A phrase IPRA world champion cowboy Jack Wiseman used to say was “step back non-believers” and this definitely applies to Staci. In 2017 she earned the Mid-States Rodeo Association’s barrel racing championship. Currently she is 6th in the IPRA world standings and is excited about the upcoming rodeo season.
“I want to make the IFR next January,” said Staci. “My ultimate IPRA goal is, to one day, win the world title.”
Staci was first introduced to horses through a lady from her church. “I got to ride one of her horses during a church mission event and I never forgot it. Every break I had from college I would try to take lessons. I was introduced to Keith Morrell in Detroit. He and his family operate Morrell Equine Services, a facility in the city that offers riding lessons and programs for kids. I started taking lessons from him. He’s become what I call, my rodeo dad.”
“I’ve always been an athlete. I loved basketball but I was naturally better at softball and got a scholarship to Tuskegee University,” said Staci. “My dad is a Tuskegee alumni, so I was Alabama bound. Every break I had during college and grad-school I would be back at the barn taking lessons. I was determined to be a good rider.”
“Keith told me I could be competitive and win money running barrels. I said, I’m in,” laughed Staci. “He put me on an older horse to see what I knew. Later he put me on the horse I’m running now. He told me he was for sale and I immediately bought him.”
“My horse, Reese’s Cup, is a 16-year-old sorrel gelding that means the world to me,” Staci said. “His registered name is Boon Barnett and is double bred Doc Bar. He’s the first horse I’ve owned. We are figuring each other out, but I think he figured me out a long time ago! I’m constantly trying to keep up with him.”
“Reese is such a pleaser and I know God put him in my life to fill a void and I can’t do anything but appreciate him and what he’s done for me. Before each run I say a prayer to keep up safe and to let us have a fast run.”
“I’ve had a lot thrown at me in a short time. I never even knew this world of rodeo existed and when I got into it, I loved it,” said Staci. “I am an assistant principal in a Detroit school. I have a good work ethic and believe that you get out of something what you put into it. I use this in both my professional career and my rodeo career. I try to stay mentally strong and keep working at it.”
“I’ve met so many good hearted people at the rodeos that truly want to see me succeed,” said Staci. “I enjoy the fellowship of the rodeo and I try to bring it into other’s lives as well. I take Reese to school and let the kindergarten kids take rides on him. So many kids have never seen a real horse.”

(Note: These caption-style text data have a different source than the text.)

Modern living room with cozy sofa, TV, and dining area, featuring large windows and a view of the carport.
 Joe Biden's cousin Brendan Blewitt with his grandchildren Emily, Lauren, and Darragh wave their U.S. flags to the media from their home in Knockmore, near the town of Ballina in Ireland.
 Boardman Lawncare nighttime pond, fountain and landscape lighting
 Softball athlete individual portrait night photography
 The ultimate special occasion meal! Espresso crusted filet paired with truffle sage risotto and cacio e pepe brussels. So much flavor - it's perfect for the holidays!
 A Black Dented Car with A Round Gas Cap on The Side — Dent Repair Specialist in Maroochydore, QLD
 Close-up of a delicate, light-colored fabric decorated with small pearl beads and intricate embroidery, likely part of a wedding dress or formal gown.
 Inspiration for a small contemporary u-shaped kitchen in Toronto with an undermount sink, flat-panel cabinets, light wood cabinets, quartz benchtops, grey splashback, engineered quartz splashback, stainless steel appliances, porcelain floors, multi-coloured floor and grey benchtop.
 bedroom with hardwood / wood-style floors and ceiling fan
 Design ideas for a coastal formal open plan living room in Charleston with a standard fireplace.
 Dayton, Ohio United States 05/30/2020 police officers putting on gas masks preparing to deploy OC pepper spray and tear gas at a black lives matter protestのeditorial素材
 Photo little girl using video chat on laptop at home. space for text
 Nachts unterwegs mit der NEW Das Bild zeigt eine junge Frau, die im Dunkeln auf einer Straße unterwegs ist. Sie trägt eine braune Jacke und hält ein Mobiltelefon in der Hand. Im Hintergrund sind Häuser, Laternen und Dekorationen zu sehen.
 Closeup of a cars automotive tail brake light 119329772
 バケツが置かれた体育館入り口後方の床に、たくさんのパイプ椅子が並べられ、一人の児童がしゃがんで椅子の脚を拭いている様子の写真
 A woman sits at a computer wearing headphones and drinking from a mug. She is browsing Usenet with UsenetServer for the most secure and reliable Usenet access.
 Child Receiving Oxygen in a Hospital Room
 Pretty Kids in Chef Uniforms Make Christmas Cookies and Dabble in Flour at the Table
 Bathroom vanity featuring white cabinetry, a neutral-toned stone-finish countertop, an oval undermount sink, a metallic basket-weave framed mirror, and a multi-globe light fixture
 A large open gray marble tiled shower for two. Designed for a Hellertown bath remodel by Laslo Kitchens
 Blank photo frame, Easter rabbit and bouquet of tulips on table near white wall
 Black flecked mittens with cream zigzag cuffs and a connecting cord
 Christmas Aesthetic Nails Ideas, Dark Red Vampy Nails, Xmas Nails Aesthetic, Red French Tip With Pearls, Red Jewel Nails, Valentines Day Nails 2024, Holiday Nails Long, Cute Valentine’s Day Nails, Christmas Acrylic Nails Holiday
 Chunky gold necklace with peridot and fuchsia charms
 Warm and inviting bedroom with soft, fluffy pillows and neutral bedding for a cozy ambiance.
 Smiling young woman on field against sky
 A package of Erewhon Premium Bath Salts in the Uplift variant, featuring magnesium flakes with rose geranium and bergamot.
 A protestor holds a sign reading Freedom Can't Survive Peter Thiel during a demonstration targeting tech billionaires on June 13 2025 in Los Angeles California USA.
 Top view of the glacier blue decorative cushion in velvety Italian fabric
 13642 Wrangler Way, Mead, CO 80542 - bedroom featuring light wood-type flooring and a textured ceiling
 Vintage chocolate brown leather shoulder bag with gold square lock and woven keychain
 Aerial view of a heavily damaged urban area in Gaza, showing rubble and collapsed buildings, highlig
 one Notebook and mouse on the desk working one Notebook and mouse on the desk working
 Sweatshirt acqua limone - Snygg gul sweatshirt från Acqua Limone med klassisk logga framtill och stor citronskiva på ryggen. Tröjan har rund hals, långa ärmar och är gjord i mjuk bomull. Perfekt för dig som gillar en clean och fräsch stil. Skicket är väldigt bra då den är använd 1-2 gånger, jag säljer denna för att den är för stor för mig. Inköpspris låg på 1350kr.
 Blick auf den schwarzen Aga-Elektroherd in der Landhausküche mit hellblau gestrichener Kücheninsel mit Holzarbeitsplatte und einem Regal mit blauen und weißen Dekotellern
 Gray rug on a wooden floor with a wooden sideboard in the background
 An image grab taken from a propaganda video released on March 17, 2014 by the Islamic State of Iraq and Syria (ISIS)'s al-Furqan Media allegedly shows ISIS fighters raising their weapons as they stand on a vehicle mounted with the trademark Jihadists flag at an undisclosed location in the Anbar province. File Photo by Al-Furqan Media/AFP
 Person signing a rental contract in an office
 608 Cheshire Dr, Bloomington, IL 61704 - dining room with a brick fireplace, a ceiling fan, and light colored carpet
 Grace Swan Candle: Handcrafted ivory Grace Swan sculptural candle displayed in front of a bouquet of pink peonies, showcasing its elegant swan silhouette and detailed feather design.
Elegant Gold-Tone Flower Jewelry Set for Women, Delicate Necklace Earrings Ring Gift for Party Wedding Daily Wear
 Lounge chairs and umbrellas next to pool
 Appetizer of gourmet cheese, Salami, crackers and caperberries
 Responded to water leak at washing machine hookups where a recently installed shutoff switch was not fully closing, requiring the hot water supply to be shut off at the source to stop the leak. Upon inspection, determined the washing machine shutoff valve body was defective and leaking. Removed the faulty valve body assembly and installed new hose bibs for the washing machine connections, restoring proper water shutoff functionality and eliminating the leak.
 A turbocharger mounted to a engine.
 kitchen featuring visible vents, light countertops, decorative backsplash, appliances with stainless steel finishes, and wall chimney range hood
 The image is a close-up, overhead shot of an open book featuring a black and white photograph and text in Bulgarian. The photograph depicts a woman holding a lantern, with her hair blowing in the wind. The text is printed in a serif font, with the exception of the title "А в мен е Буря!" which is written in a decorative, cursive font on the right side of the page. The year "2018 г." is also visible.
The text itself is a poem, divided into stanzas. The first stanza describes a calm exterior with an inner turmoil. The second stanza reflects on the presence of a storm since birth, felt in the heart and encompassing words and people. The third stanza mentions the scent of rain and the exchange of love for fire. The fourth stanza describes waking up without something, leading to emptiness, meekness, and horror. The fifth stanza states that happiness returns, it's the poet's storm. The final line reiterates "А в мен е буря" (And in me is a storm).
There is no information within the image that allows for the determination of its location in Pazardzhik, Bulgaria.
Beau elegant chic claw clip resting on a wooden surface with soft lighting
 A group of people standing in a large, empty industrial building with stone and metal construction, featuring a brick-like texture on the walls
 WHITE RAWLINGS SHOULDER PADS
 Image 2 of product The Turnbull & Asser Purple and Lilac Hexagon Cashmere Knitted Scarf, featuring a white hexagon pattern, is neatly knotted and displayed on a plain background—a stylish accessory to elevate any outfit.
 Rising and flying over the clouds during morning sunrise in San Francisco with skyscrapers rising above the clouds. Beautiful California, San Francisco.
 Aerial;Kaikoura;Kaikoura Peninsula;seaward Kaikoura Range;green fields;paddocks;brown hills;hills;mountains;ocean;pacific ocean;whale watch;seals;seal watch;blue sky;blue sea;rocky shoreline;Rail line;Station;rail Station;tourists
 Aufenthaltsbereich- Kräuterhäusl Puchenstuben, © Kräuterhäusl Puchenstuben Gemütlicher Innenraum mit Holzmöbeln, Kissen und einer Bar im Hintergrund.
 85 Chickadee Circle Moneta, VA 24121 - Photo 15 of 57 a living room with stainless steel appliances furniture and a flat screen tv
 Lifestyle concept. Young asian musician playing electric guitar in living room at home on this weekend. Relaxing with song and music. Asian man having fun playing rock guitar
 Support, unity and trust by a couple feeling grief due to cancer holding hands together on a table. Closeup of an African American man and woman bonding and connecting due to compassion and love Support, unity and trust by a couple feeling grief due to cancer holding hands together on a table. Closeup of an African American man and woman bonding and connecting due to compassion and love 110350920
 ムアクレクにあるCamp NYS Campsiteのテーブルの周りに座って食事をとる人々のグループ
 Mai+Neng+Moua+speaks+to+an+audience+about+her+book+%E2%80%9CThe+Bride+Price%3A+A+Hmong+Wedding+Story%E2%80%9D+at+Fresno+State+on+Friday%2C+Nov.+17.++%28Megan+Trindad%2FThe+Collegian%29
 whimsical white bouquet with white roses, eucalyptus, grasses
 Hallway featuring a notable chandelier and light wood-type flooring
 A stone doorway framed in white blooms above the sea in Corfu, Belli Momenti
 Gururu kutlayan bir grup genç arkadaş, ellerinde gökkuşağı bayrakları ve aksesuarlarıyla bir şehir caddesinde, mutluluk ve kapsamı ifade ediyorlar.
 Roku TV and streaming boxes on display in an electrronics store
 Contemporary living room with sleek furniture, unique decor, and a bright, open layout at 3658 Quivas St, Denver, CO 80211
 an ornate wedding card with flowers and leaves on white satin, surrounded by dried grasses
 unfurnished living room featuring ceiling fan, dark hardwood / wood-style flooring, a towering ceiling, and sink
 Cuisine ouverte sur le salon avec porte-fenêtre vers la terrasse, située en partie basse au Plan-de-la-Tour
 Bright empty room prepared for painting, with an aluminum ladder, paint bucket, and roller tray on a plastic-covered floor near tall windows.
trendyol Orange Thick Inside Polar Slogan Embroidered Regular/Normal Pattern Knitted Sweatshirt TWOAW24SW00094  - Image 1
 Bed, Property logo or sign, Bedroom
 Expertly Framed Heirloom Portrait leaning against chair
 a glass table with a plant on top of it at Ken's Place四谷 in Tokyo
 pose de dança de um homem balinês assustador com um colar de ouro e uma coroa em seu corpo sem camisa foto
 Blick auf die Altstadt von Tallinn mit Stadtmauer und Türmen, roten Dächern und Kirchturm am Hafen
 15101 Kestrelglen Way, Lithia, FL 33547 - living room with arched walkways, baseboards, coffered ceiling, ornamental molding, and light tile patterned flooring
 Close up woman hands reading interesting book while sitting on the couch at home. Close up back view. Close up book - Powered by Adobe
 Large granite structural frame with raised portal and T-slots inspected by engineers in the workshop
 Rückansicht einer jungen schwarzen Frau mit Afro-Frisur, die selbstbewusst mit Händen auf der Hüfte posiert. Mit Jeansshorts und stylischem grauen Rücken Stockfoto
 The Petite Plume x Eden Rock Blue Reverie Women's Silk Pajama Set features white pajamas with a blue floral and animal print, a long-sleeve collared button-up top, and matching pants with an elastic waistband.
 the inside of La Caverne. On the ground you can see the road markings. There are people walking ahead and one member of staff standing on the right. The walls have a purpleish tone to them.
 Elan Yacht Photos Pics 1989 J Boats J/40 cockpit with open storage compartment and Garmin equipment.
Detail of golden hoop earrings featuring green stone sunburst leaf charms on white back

“I’m planning to travel a lot this year. I’m looking forward to the fair rodeos this summer. Reese is really good in the small pens. I’ve already told my principal I will be entering St. Tite in September,” Staci said.
“I recently moved out of the city to be closer to my horse. I board him with Dawn McCarty at Double D Ranch. She has taught me so much about maintaining a horse. She’s also my main traveling partner and advisor at the rodeos and jackpots. I bought a three-story condo that is only 15 minutes from her ranch. I used to drive 45-60 minutes to get back from the barn.”
“I want to be an inspiration to other young girls,” said Staci. “If you’re willing to work for it, you can accomplish anything.”